[ASSIGNMENT]
Copy out all of the records. Keep every word exact.

SUPPLIED RECORDS section start

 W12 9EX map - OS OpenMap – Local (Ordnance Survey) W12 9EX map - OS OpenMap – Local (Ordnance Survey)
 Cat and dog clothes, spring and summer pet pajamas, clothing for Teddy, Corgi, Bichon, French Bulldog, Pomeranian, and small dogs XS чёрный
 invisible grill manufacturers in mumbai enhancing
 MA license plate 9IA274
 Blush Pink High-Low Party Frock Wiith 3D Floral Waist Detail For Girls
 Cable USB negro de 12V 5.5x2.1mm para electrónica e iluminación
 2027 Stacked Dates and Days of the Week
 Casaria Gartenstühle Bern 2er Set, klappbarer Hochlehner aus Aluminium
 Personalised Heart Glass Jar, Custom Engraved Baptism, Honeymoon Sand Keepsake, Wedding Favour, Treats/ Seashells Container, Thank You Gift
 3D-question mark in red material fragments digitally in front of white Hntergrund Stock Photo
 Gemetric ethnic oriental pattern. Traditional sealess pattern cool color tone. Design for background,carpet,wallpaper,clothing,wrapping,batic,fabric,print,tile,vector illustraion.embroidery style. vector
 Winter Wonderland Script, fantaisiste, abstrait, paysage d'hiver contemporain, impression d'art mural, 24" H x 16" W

SUPPLIED RECORDS section end

[TASK SOLUTION]
 W12 9EX map - OS OpenMap – Local (Ordnance Survey) W12 9EX map - OS OpenMap – Local (Ordnance Survey)
 Cat and dog clothes, spring and summer pet pajamas, clothing for Teddy, Corgi, Bichon, French Bulldog, Pomeranian, and small dogs XS чёрный
 invisible grill manufacturers in mumbai enhancing
 MA license plate 9IA274
 Blush Pink High-Low Party Frock Wiith 3D Floral Waist Detail For Girls
 Cable USB negro de 12V 5.5x2.1mm para electrónica e iluminación
 2027 Stacked Dates and Days of the Week
 Casaria Gartenstühle Bern 2er Set, klappbarer Hochlehner aus Aluminium
 Personalised Heart Glass Jar, Custom Engraved Baptism, Honeymoon Sand Keepsake, Wedding Favour, Treats/ Seashells Container, Thank You Gift
 3D-question mark in red material fragments digitally in front of white Hntergrund Stock Photo
 Gemetric ethnic oriental pattern. Traditional sealess pattern cool color tone. Design for background,carpet,wallpaper,clothing,wrapping,batic,fabric,print,tile,vector illustraion.embroidery style. vector
 Winter Wonderland Script, fantaisiste, abstrait, paysage d'hiver contemporain, impression d'art mural, 24" H x 16" W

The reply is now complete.